Climate change impact on agriculture may be underestimated

March 11, 2016

Although researchers have previously found that increases in global temperatures would have harmful effects on global crop yields, this research has not taken into account how farmers may react to climate change, according to a study by researchers from Brown and Tufts Universities published in Nature Climate Change.

This study, which focused on an area in Brazil called Mato Grosso, found that if the patterns from 2002 to 2008 hold in the future, an increase in average temperature of just 1 degree Celsius will lead to a 9%–13% reduction in overall production of soy and corn. In addition, though, how farmers react to these changes will also impact production. For example, farmers might choose to put less land area into production because it is not profitable, or they might choose not to plant a second crop in a growing season—a common practice in Mato Grosso known as double cropping.

“Had we looked at yield alone, as most studies do, we would have missed the production losses associated with these other variables,” says Leah VanWey, professor of sociology at Brown and senior deputy director of the Institute at Brown for the Study of Environment and Society (IBES).

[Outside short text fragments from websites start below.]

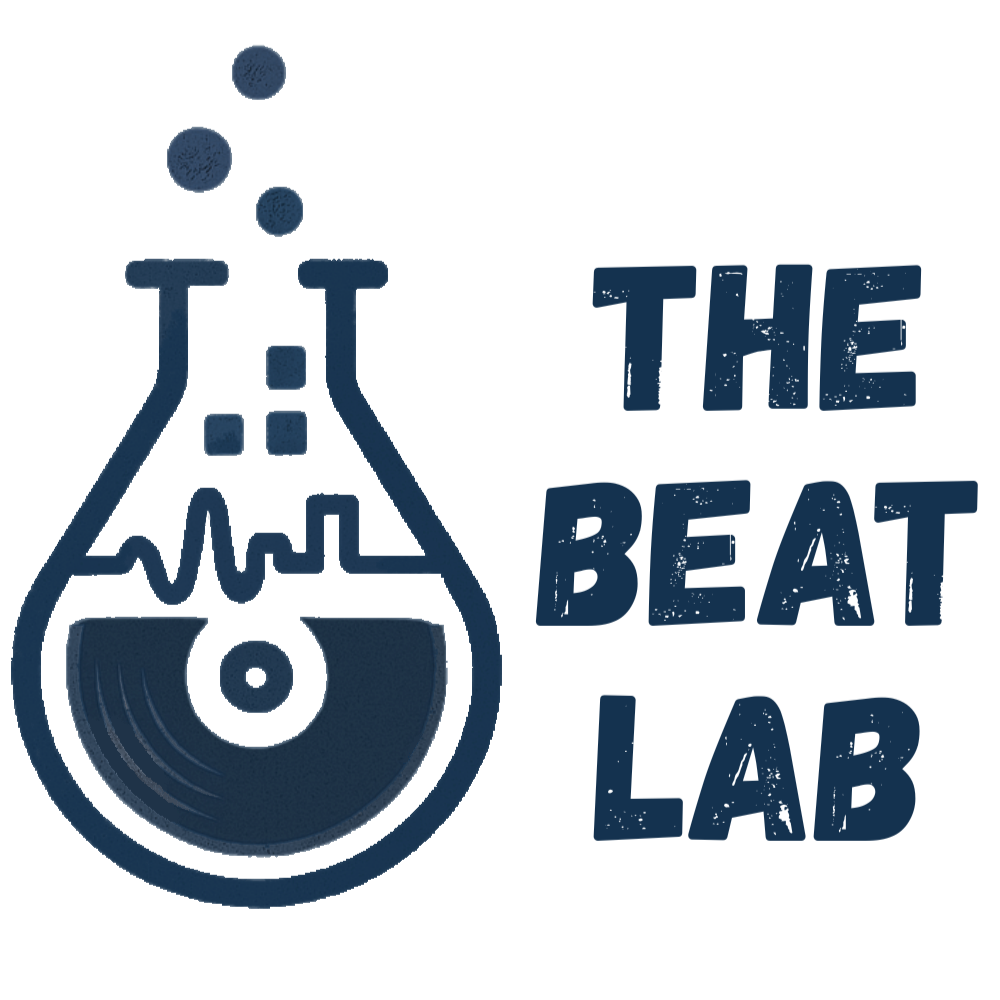 The Beat Lab Logo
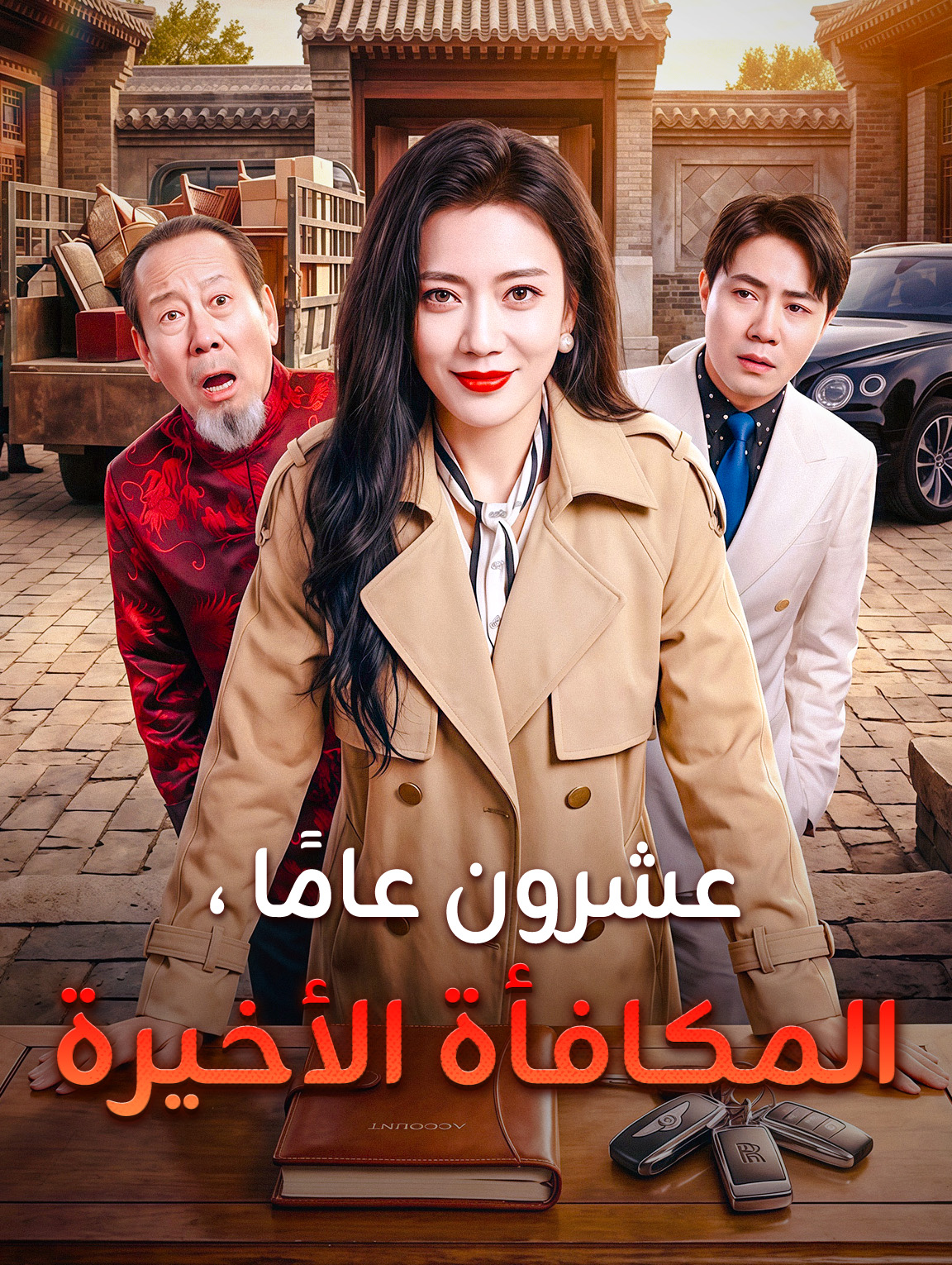 عشرون عامًا، المكافأة الأخيرة
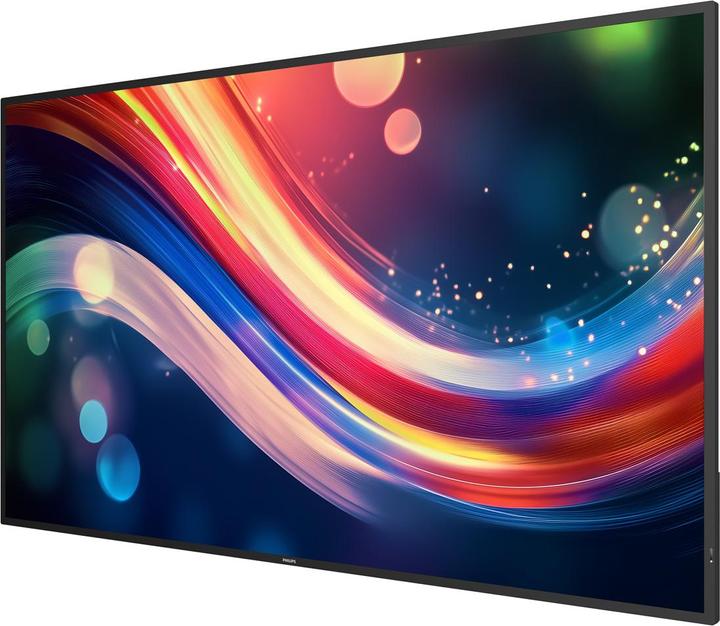 Actual product image Philips Signage Display 43BDL4050Q/00 43", 24/7, 500cd/m², 25% Haze (3840 x 2160 Pixels, 43")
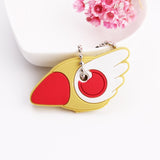 Cartoon Anime Keychain Cute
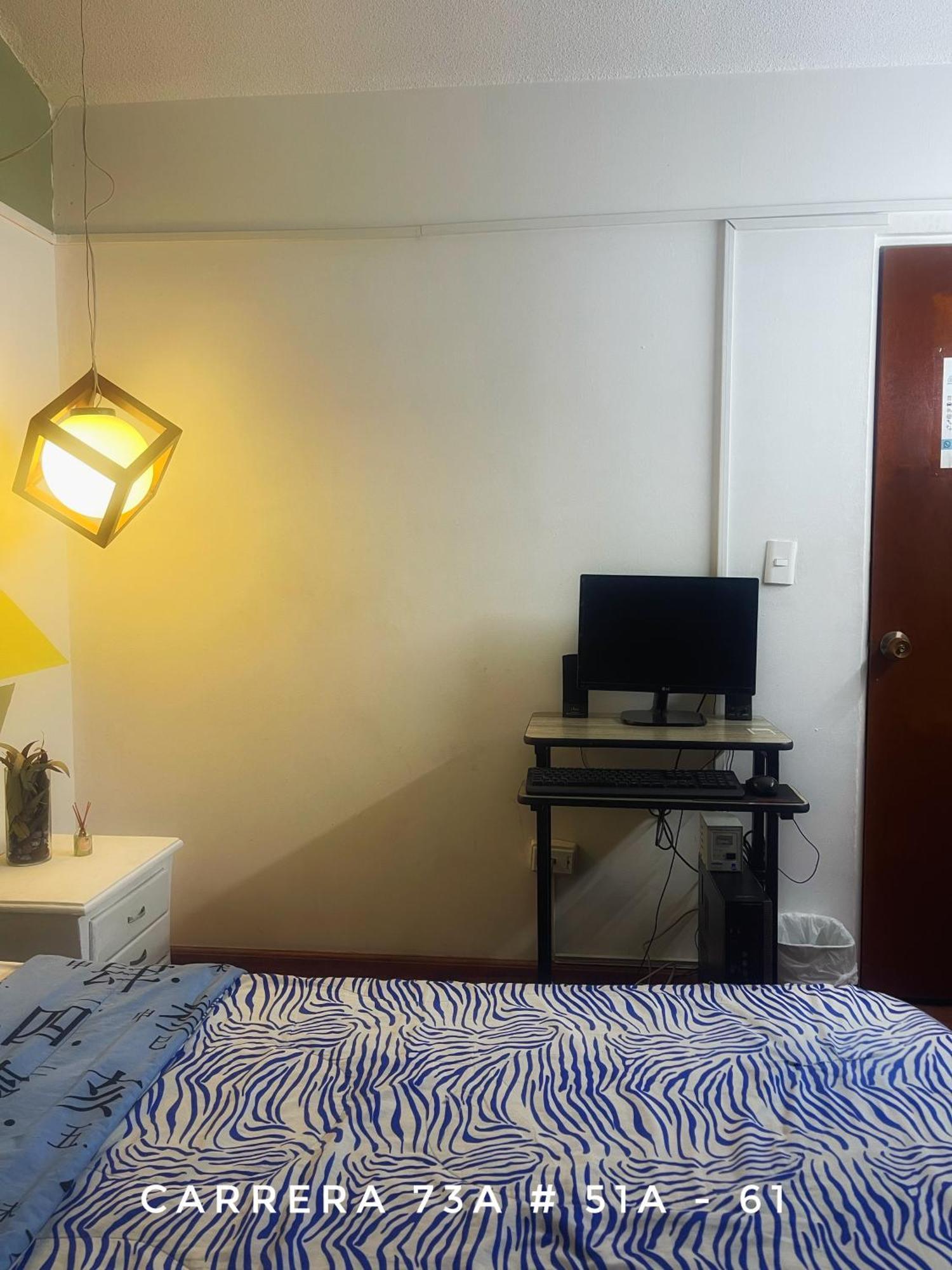 Habitación en casa particular A 5 Minutos Del Aeropuerto El Dorado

According to the results, temperature increases of 1 degree Celsius were associated with substantial decreases in both total crop area and double cropping, which accounted for 70% of the overall loss in production; only 30% was attributable to crop yield.

Taken together, the results suggest that traditional studies “may be underestimating the magnitude of the link between climate and agricultural production,” says Avery Cohn, assistant professor of environment and resource policy at Tufts, who led the work while he was a visiting researcher at Brown.